§ **Task objective**
Beginning with the line that holds "157 Aaron St - Photo 3 of 16" and finishing with the line that holds "Mercedes GLB 35 Trang.jpeg", repeat the listing exactly, leaving every picture out.
--- Task material Enclosed Below ---
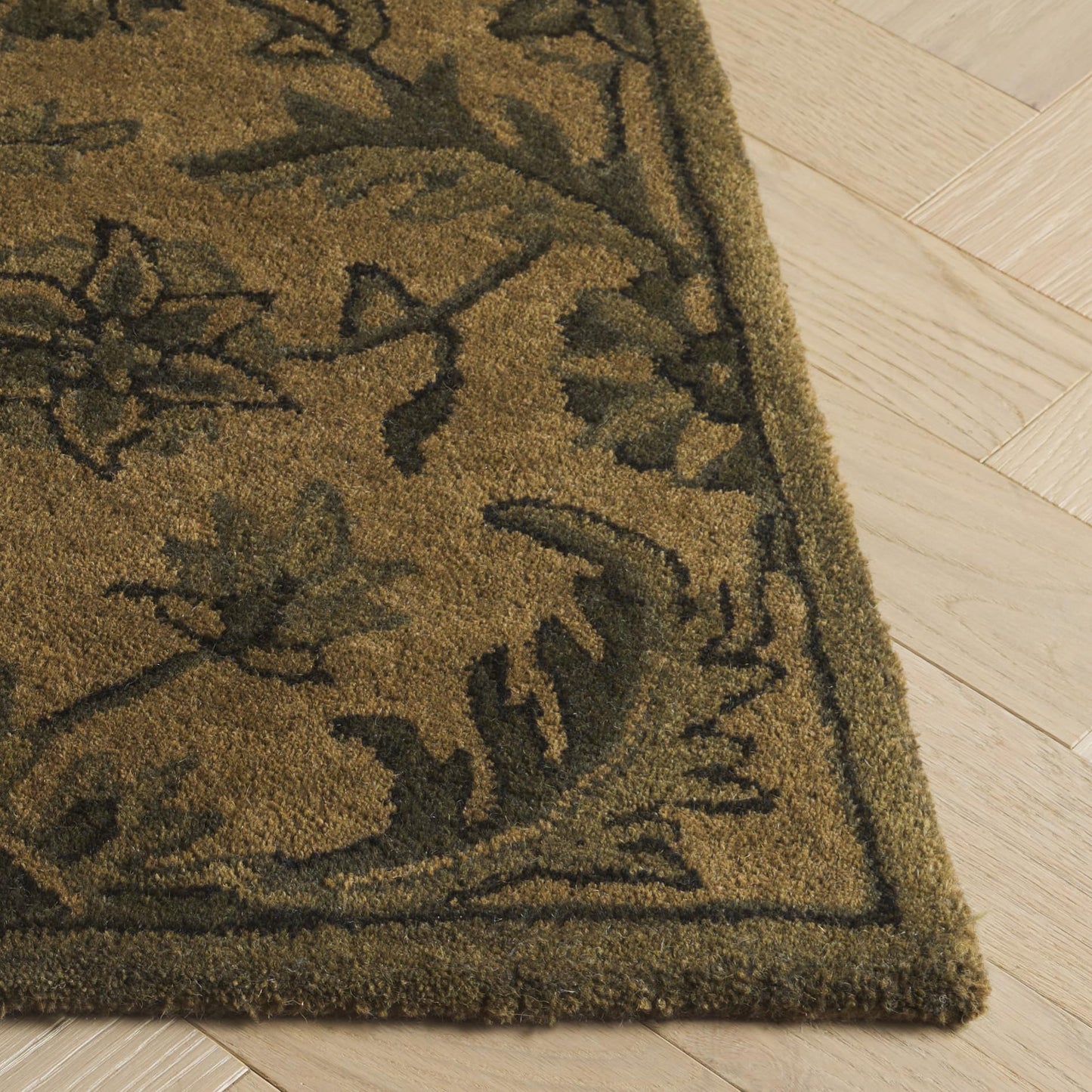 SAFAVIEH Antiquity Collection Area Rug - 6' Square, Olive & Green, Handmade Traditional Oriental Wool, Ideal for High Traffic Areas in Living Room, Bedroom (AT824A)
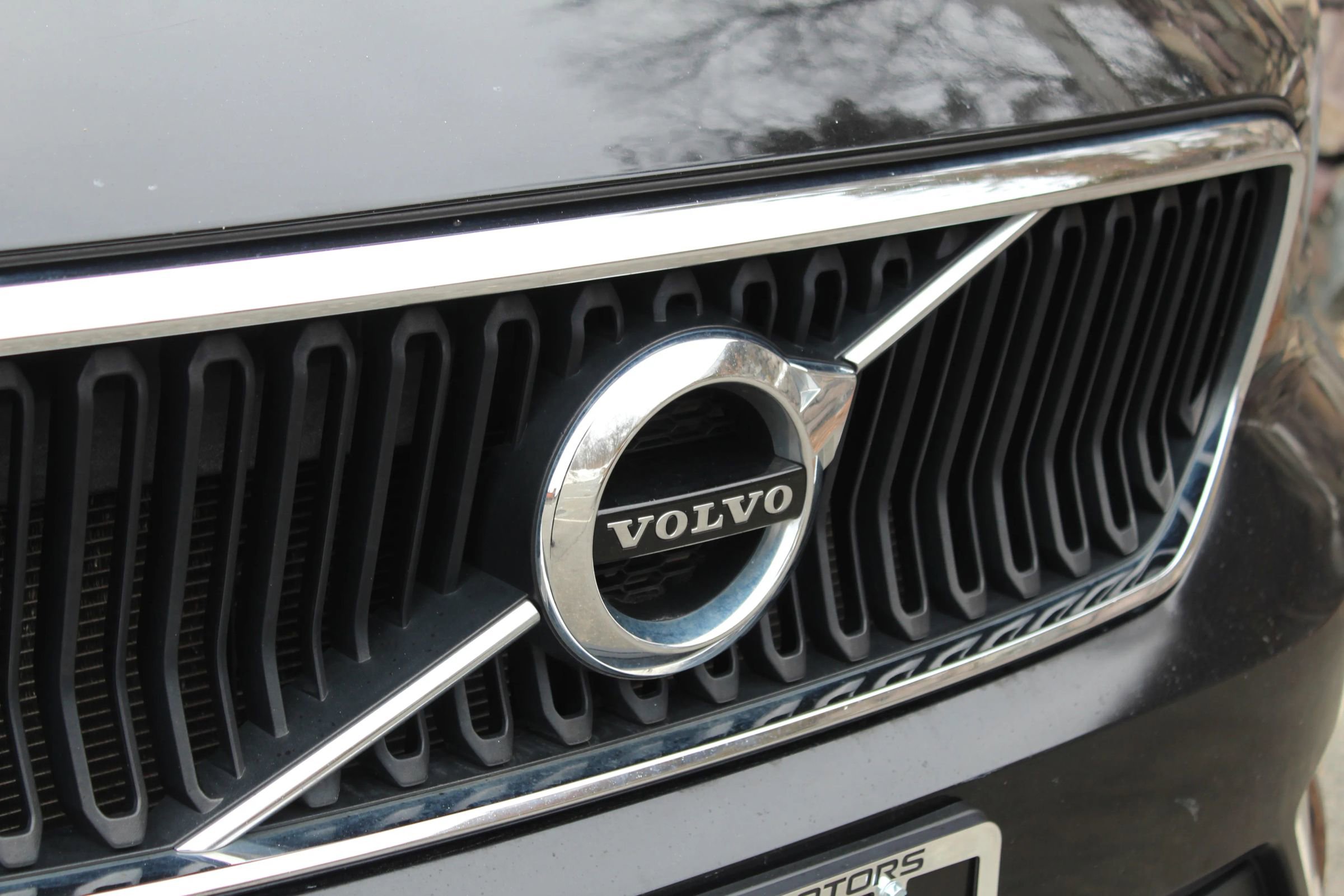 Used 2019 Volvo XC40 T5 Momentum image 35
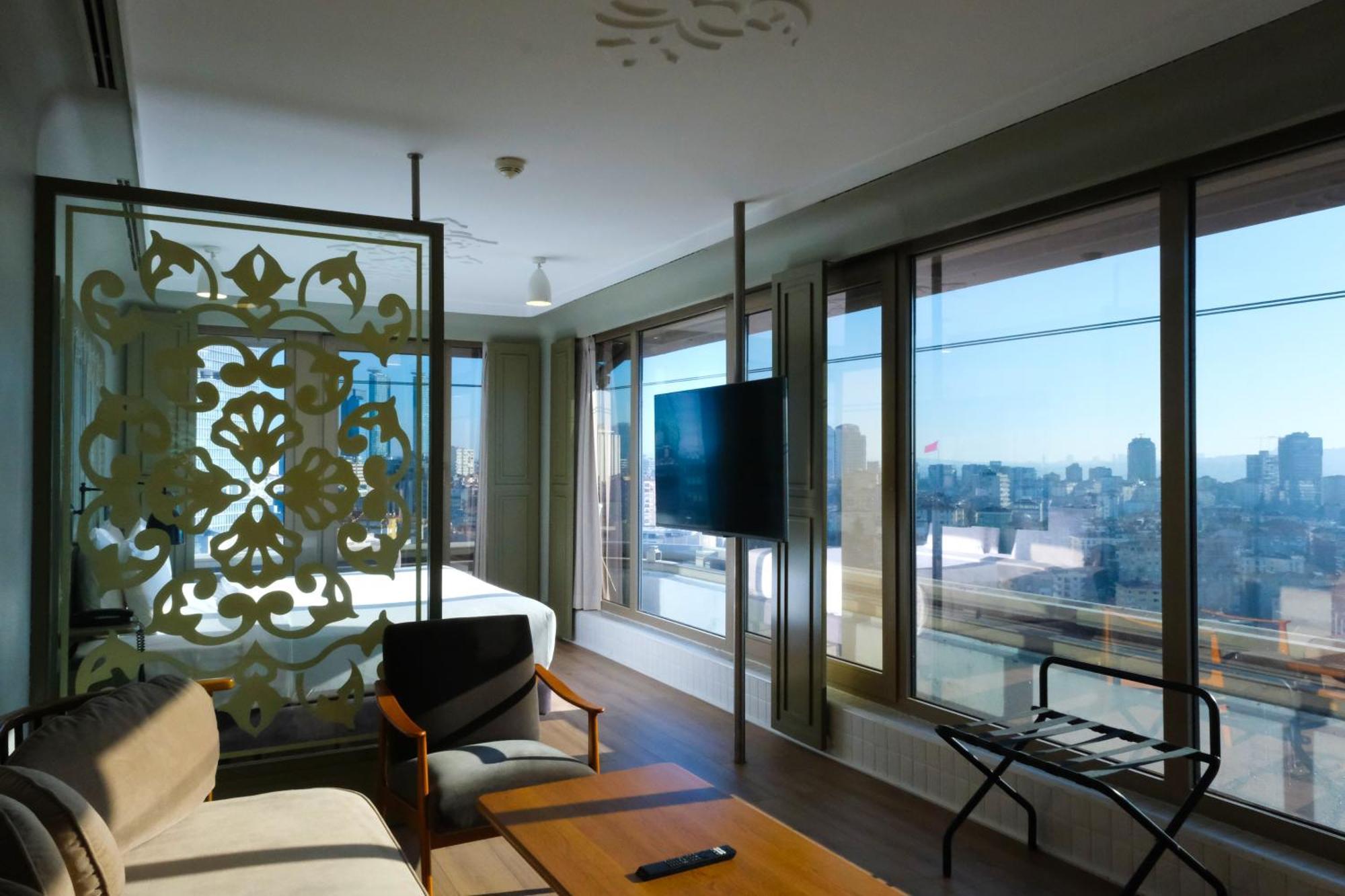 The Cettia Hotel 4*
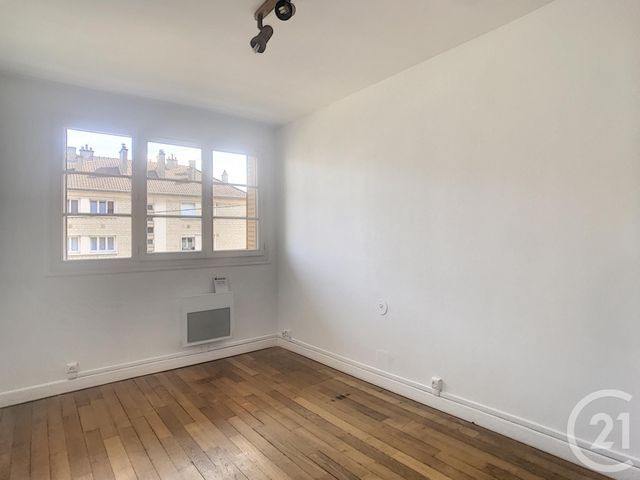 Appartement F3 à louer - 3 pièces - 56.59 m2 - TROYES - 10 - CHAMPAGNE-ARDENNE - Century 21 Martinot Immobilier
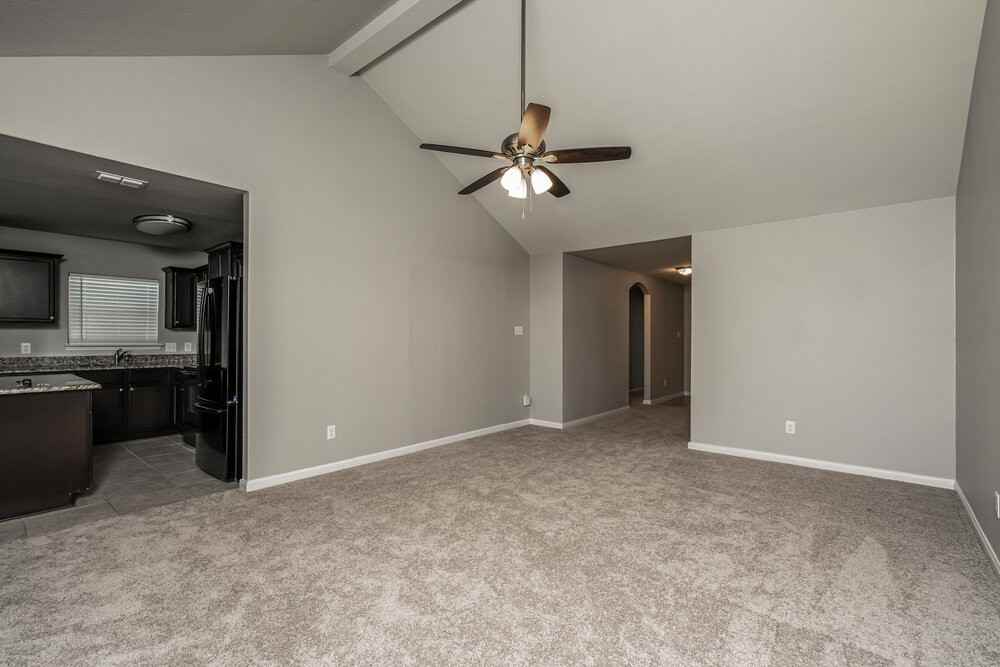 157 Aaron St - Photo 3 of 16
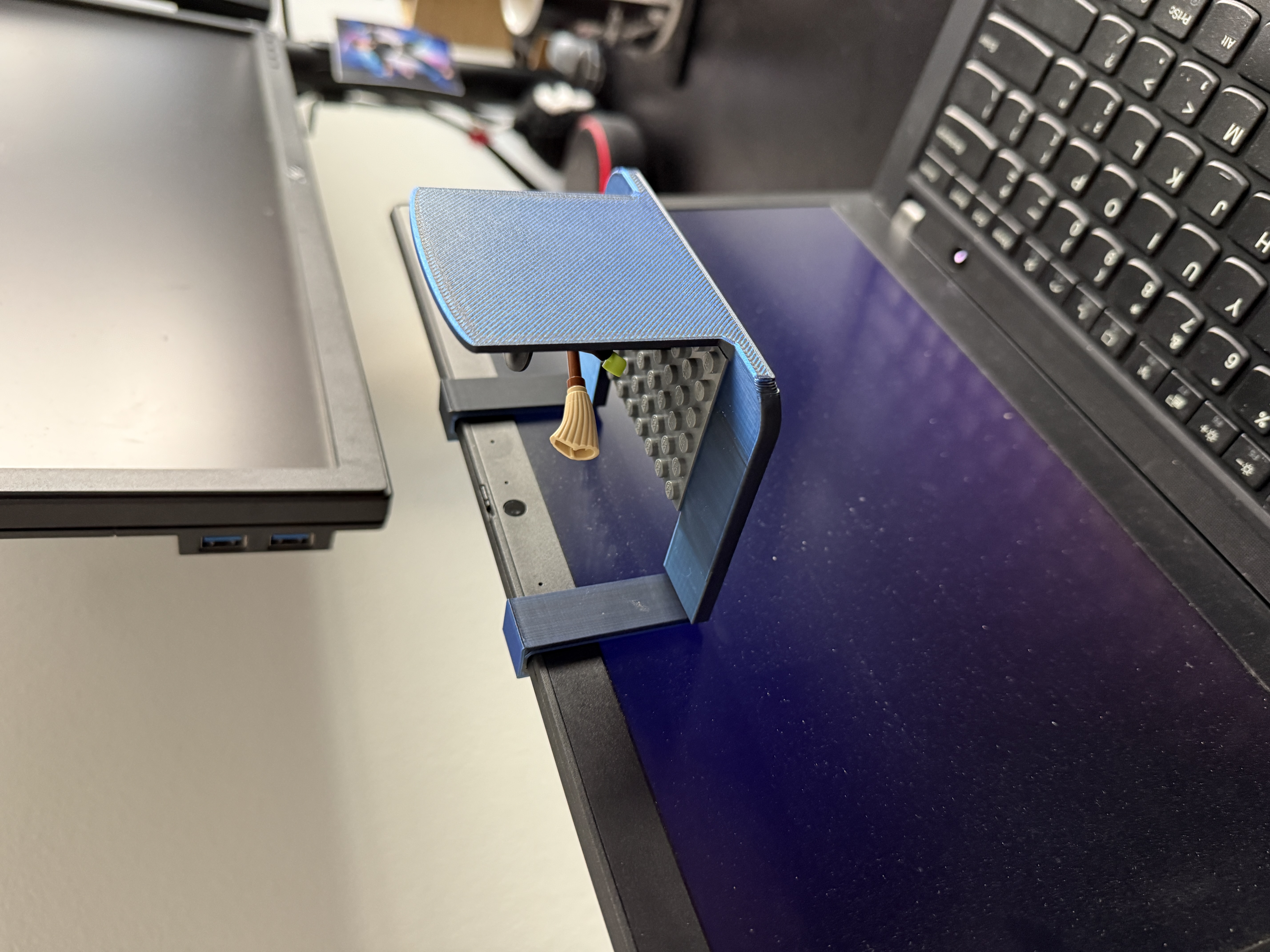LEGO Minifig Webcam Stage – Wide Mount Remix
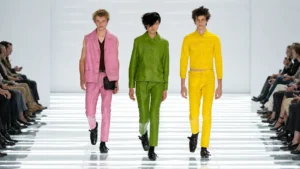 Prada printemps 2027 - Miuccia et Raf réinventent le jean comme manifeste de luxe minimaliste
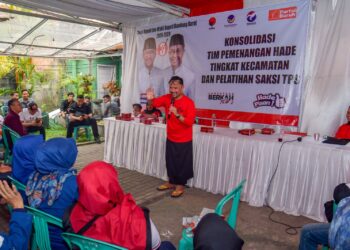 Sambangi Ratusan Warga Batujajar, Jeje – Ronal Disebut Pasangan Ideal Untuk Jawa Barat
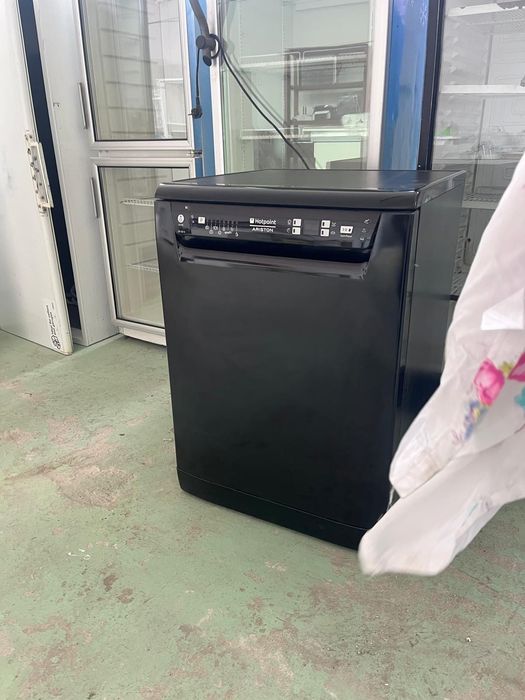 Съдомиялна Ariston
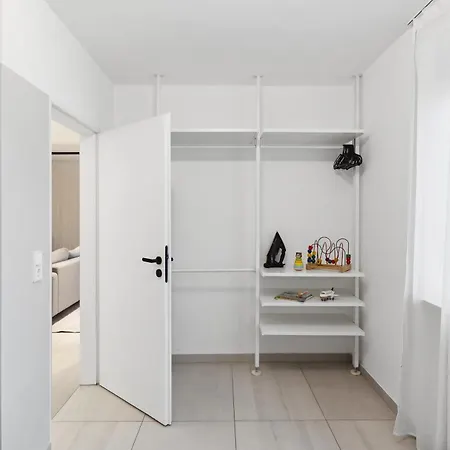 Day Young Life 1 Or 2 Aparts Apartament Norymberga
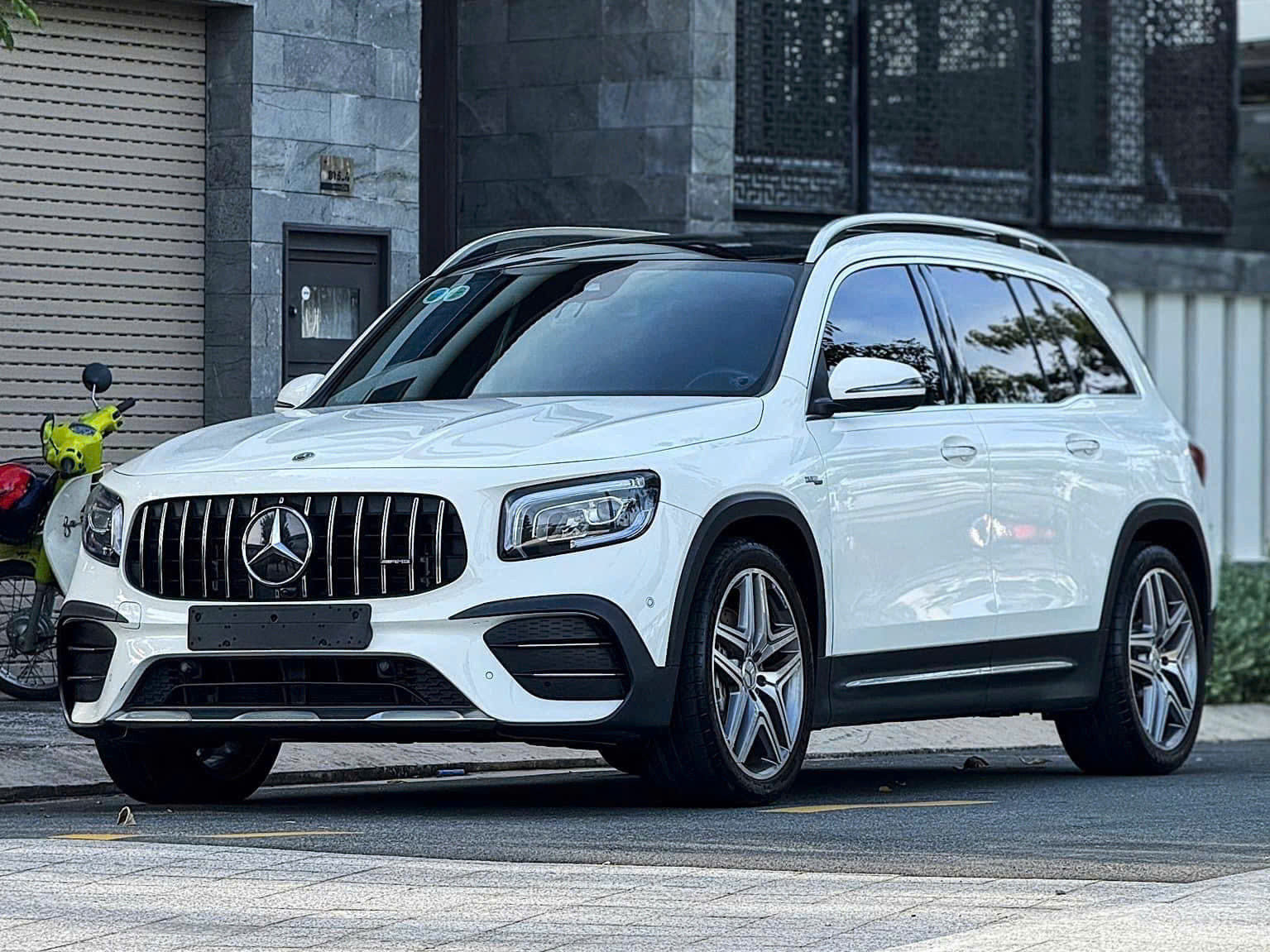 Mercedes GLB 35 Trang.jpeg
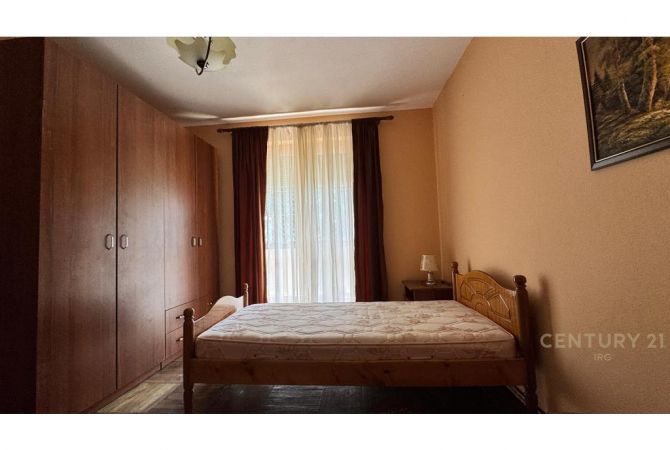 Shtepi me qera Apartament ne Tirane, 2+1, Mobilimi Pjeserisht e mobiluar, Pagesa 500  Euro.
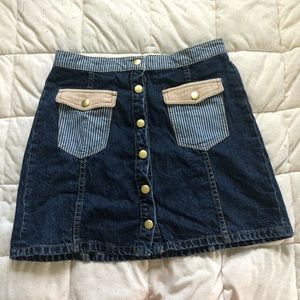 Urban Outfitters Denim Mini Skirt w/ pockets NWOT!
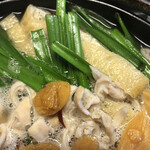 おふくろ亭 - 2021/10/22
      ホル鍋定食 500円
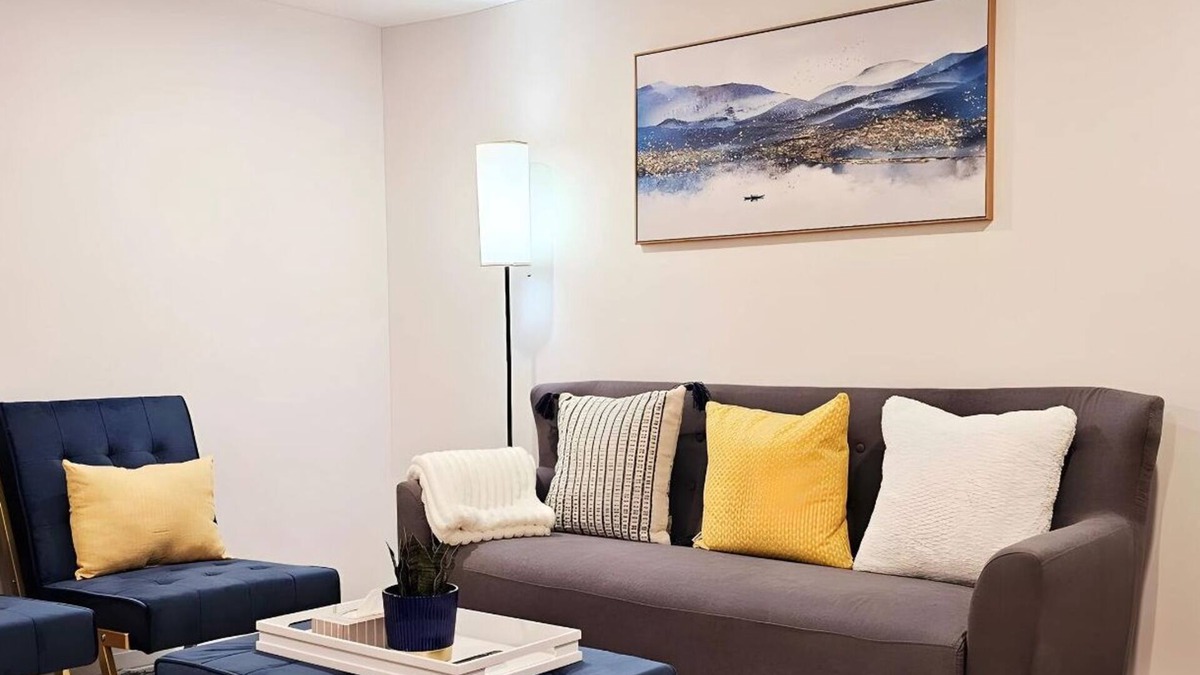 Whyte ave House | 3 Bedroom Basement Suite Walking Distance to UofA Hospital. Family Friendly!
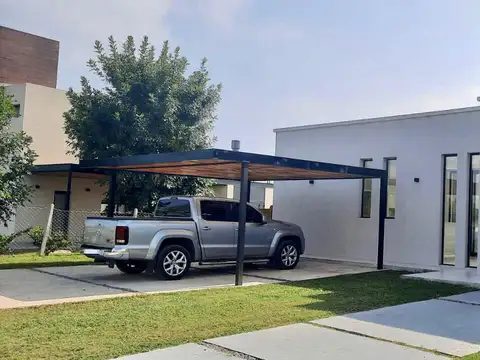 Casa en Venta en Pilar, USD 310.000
--- End of Enclosed Task material ---
§ **Answer to the problem**
 157 Aaron St - Photo 3 of 16
LEGO Minifig Webcam Stage – Wide Mount Remix
 Prada printemps 2027 - Miuccia et Raf réinventent le jean comme manifeste de luxe minimaliste
 Sambangi Ratusan Warga Batujajar, Jeje – Ronal Disebut Pasangan Ideal Untuk Jawa Barat
 Съдомиялна Ariston
 Day Young Life 1 Or 2 Aparts Apartament Norymberga
 Mercedes GLB 35 Trang.jpeg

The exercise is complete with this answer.